What you have to do:
Take the data below and extract the lines from the one with "Comensales ayer en" to the one with "Casa · 116m²", inclusive, exactly as written.

(Input data Opens)

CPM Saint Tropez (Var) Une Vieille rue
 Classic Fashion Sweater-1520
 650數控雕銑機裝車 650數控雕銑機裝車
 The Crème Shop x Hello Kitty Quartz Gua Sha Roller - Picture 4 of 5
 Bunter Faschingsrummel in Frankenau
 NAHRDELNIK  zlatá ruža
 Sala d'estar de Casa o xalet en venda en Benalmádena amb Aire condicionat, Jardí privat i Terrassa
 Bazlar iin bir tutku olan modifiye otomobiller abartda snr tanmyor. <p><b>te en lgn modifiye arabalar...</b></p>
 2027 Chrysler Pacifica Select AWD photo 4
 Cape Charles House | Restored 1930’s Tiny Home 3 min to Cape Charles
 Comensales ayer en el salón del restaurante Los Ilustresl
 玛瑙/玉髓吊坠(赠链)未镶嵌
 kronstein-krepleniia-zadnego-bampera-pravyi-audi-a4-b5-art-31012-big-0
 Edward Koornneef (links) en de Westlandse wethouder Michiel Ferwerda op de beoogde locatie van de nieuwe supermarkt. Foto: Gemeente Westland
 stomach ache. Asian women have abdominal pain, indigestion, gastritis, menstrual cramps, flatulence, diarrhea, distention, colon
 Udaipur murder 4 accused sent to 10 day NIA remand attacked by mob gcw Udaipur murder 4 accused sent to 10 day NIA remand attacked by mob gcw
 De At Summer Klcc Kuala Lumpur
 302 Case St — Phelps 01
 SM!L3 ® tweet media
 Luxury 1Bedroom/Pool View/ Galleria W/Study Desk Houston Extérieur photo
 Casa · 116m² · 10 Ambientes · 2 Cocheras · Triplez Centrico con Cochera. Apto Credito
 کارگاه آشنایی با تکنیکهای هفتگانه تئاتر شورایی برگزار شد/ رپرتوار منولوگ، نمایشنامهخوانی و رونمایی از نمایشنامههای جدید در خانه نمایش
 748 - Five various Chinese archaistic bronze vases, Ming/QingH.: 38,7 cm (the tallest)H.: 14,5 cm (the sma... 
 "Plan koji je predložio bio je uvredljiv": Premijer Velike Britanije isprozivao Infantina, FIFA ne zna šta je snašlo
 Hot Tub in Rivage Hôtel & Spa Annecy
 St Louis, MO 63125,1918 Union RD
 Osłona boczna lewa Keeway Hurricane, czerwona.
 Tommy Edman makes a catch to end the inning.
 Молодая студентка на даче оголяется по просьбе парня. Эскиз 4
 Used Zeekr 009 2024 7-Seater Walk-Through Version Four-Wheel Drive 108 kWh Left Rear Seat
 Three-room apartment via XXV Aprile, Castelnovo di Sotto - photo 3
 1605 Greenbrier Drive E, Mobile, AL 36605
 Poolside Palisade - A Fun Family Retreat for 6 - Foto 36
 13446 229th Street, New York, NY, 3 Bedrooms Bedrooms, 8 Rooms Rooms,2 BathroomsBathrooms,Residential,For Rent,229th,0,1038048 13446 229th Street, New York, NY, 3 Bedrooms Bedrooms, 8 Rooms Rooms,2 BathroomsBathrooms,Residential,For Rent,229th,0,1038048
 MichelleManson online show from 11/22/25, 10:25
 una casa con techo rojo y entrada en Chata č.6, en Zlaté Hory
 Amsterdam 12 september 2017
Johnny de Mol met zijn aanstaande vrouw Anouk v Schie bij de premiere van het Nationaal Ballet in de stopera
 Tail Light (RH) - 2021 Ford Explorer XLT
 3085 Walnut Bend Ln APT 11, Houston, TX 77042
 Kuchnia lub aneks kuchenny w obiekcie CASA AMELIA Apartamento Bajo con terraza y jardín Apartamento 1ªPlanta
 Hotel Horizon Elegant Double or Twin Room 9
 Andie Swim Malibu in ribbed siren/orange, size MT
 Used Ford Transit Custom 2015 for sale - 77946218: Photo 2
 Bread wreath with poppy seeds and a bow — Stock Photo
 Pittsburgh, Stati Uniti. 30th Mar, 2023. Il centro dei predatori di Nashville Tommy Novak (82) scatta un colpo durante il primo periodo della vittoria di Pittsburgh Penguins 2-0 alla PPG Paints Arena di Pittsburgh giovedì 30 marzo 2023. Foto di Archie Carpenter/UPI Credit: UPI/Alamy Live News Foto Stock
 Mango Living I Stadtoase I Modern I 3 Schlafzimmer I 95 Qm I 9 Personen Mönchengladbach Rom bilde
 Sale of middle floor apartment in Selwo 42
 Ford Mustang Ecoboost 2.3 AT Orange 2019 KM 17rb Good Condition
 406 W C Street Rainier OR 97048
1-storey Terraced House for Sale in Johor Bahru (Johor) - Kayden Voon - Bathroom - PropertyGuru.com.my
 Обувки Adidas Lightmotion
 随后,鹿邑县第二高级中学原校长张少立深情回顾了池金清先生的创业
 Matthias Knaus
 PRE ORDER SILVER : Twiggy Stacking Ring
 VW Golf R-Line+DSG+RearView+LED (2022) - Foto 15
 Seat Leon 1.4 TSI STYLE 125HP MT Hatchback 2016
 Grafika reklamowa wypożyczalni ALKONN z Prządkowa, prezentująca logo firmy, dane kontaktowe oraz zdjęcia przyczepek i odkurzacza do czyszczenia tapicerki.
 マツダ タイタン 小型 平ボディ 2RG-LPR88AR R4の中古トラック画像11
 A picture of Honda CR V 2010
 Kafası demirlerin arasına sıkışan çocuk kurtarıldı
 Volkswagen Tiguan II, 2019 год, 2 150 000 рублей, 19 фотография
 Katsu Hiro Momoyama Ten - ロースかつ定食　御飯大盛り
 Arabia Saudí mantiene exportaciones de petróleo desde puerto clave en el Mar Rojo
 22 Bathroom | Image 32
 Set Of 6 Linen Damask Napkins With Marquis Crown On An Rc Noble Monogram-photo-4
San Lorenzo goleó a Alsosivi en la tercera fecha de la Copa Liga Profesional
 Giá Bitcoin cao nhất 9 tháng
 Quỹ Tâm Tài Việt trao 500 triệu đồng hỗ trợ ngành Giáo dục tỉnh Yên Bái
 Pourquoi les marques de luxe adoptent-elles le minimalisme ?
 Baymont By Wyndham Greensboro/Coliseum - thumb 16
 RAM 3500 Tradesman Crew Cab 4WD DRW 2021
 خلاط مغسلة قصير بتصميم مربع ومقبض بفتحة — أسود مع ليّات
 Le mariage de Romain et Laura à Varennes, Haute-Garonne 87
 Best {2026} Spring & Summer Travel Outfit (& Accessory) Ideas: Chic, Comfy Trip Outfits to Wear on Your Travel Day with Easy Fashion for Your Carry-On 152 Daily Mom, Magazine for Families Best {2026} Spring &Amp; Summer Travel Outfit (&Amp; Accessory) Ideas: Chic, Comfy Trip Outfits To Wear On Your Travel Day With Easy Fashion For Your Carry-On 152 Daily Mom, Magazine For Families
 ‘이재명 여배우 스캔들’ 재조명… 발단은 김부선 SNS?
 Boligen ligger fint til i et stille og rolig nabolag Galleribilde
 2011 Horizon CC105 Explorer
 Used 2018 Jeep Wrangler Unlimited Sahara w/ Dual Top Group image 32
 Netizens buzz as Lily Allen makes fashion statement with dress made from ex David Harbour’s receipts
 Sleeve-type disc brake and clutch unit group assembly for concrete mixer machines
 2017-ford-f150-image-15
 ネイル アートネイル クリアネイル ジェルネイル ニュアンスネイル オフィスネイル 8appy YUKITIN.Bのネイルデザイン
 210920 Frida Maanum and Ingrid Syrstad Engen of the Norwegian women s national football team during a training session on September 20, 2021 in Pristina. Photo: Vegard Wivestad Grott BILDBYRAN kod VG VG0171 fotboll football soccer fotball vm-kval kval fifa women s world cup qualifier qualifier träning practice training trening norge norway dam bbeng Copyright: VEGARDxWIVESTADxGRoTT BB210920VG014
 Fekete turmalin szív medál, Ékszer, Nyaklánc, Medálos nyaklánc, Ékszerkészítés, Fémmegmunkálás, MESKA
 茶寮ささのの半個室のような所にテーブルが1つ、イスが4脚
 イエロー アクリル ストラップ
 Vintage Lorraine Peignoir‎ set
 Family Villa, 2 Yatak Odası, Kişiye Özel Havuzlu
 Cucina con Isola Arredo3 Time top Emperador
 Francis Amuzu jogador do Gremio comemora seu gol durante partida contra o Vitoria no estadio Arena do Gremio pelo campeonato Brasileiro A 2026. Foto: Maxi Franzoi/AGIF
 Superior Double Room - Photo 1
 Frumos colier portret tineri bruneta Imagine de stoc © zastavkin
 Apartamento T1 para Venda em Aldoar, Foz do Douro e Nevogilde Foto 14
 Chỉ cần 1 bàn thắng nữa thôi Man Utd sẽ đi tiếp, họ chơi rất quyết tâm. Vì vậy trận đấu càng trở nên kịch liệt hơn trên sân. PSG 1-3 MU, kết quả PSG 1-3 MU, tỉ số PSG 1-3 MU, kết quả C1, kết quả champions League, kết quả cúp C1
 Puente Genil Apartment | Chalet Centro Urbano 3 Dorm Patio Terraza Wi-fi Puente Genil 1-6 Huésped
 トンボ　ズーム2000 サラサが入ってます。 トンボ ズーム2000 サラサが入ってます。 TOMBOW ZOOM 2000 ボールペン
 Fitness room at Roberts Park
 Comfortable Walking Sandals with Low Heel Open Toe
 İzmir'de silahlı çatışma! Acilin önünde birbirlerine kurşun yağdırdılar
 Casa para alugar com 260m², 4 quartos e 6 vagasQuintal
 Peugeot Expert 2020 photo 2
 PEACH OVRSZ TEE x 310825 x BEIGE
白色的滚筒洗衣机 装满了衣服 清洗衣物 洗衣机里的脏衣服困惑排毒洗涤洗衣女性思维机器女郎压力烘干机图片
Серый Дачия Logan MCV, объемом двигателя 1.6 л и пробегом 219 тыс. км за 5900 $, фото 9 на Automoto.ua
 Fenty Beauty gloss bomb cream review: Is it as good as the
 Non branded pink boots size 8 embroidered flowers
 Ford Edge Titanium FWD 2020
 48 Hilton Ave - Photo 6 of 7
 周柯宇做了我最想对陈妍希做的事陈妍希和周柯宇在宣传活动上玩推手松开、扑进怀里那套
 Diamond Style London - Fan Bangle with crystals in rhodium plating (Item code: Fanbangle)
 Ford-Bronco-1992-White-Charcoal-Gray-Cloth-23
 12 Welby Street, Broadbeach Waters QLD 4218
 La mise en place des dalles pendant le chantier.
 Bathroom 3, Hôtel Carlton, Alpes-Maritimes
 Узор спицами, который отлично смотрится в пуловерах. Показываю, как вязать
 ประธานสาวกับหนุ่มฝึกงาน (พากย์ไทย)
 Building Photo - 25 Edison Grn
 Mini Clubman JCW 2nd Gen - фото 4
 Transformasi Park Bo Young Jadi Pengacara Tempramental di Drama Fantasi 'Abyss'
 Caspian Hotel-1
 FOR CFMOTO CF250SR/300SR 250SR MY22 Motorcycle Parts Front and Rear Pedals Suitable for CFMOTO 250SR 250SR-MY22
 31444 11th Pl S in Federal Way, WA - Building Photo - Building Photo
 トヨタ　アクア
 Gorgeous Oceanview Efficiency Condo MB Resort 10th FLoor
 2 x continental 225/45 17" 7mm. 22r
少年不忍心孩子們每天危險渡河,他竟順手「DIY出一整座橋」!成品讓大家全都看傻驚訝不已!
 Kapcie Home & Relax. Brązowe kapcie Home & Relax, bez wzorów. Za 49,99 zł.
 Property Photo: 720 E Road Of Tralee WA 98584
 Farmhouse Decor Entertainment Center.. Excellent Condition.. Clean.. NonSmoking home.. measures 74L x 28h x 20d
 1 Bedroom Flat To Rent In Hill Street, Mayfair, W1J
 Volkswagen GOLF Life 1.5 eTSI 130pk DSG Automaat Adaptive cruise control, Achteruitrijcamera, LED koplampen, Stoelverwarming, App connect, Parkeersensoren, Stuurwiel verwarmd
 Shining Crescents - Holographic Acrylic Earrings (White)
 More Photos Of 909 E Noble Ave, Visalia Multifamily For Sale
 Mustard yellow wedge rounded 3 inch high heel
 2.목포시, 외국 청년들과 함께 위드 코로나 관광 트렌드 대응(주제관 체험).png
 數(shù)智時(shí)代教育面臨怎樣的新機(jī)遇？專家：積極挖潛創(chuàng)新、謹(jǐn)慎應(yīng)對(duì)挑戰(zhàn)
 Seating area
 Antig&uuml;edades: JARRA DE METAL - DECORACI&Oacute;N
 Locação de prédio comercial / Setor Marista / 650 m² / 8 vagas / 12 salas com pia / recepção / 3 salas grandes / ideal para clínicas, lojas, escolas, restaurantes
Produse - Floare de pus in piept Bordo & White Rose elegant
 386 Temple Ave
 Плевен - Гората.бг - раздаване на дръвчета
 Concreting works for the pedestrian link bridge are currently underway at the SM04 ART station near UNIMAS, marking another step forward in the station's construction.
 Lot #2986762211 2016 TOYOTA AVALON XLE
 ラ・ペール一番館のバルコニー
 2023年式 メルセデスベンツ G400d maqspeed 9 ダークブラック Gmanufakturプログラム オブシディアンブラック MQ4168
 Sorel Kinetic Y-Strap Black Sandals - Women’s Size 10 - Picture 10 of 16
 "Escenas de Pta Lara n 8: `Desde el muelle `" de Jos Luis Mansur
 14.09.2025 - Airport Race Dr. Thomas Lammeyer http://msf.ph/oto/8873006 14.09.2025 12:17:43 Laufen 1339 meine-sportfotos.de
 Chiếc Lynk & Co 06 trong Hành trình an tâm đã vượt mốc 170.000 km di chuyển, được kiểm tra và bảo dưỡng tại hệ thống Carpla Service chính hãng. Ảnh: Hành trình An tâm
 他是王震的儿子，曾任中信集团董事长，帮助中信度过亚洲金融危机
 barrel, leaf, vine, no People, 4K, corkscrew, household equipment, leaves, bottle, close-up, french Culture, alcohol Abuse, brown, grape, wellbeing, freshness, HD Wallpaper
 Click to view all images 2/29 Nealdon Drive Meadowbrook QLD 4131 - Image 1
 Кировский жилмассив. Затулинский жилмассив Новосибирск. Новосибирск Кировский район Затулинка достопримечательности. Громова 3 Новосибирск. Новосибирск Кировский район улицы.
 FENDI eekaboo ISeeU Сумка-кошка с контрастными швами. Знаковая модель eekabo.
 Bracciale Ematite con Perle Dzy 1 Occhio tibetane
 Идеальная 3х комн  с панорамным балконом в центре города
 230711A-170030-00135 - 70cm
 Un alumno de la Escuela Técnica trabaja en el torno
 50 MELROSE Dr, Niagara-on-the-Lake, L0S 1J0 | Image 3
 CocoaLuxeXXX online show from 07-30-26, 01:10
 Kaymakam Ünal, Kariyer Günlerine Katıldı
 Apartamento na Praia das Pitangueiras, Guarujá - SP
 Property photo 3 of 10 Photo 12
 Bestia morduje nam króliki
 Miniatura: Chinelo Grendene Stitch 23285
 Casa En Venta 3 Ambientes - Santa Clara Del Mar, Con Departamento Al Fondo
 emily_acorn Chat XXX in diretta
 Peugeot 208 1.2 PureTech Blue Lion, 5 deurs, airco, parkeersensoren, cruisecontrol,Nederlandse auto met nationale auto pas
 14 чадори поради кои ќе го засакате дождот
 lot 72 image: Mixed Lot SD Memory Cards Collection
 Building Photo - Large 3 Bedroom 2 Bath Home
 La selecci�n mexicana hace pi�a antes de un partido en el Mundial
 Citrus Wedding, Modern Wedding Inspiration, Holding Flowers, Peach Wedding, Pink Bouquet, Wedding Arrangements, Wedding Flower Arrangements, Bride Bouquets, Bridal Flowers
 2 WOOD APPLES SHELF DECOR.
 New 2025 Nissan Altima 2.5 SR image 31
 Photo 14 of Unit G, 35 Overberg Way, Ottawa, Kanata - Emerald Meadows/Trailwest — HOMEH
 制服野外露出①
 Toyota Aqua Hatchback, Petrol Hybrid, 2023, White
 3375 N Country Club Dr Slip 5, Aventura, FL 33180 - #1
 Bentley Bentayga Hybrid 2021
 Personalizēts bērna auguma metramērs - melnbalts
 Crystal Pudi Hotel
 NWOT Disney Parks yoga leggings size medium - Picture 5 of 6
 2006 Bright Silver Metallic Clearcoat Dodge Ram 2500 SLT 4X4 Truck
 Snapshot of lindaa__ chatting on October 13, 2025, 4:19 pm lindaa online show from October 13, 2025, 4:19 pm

(Input data Closes)

Exercise result:
 Comensales ayer en el salón del restaurante Los Ilustresl
 玛瑙/玉髓吊坠(赠链)未镶嵌
 kronstein-krepleniia-zadnego-bampera-pravyi-audi-a4-b5-art-31012-big-0
 Edward Koornneef (links) en de Westlandse wethouder Michiel Ferwerda op de beoogde locatie van de nieuwe supermarkt. Foto: Gemeente Westland
 stomach ache. Asian women have abdominal pain, indigestion, gastritis, menstrual cramps, flatulence, diarrhea, distention, colon
 Udaipur murder 4 accused sent to 10 day NIA remand attacked by mob gcw Udaipur murder 4 accused sent to 10 day NIA remand attacked by mob gcw
 De At Summer Klcc Kuala Lumpur
 302 Case St — Phelps 01
 SM!L3 ® tweet media
 Luxury 1Bedroom/Pool View/ Galleria W/Study Desk Houston Extérieur photo
 Casa · 116m² · 10 Ambientes · 2 Cocheras · Triplez Centrico con Cochera. Apto Credito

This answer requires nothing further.